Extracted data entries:
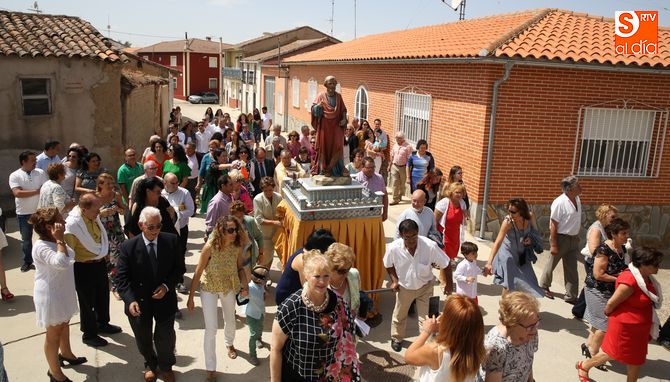 Procesión de San Pedro por las calles de El Pedroso. Fotos: Alberto Martín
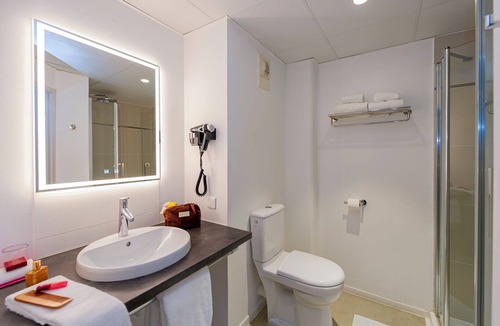 Francheville Hotel | Hôtel Le Grand Barnum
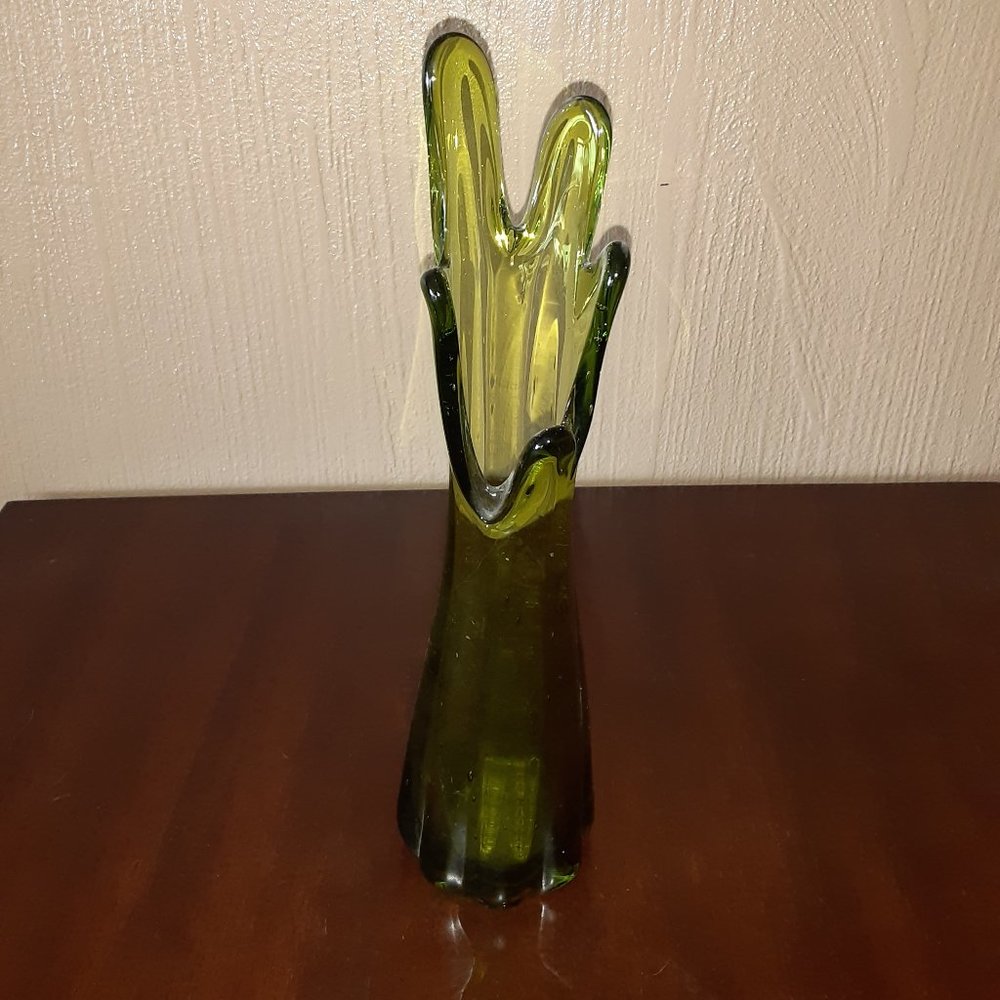 Avocado 5 Finger Stretch Swung Hand Blown Vase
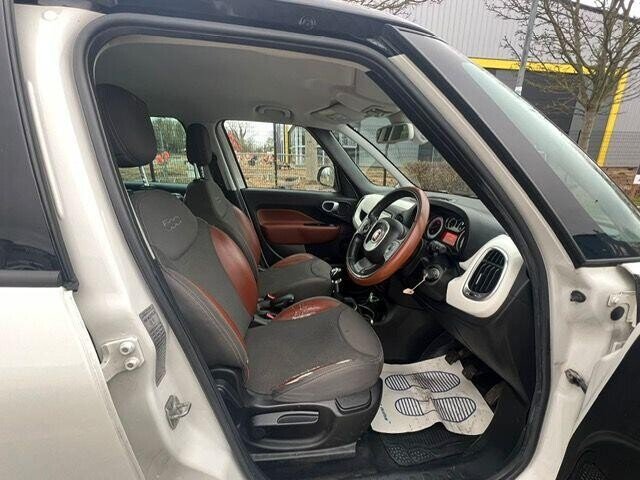 2014 Fiat 500l - Photo 2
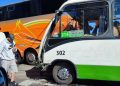 Valparaíso: Bus detenido en Avenida España genera nuevo accidente con ocho lesionados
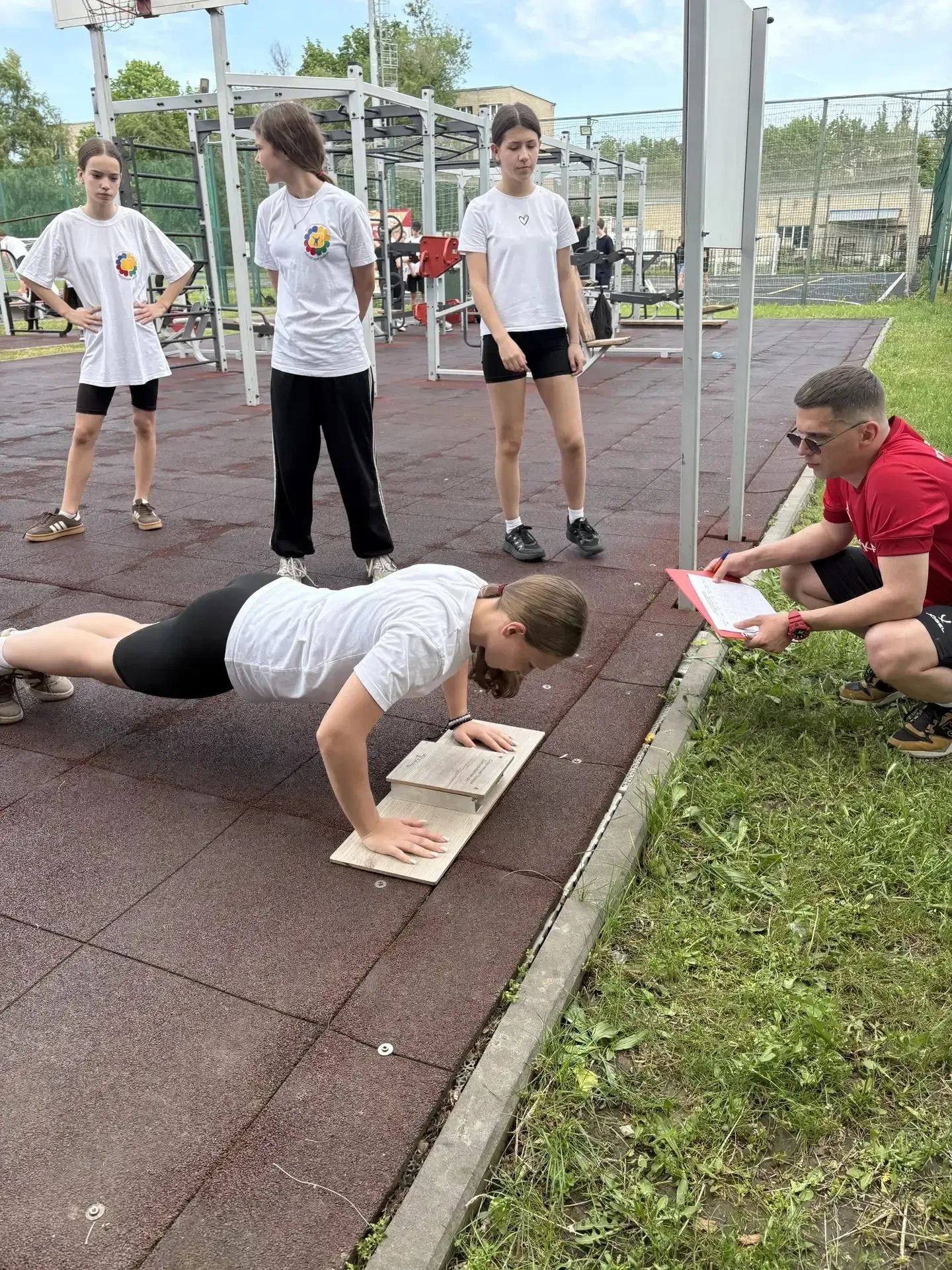 👏Поздравляем нашу команду с отличным результатом — 4 место на фестивале ГТО в Аксайском районе! 🏵Это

§ Instructions for the task
Copy the records above from the first line through the line containing "Valparaíso: Bus detenido", both included, and leave out any pictures.

§ Answer to this task
 Procesión de San Pedro por las calles de El Pedroso. Fotos: Alberto Martín
 Francheville Hotel | Hôtel Le Grand Barnum
 Avocado 5 Finger Stretch Swung Hand Blown Vase
 2014 Fiat 500l - Photo 2
 Valparaíso: Bus detenido en Avenida España genera nuevo accidente con ocho lesionados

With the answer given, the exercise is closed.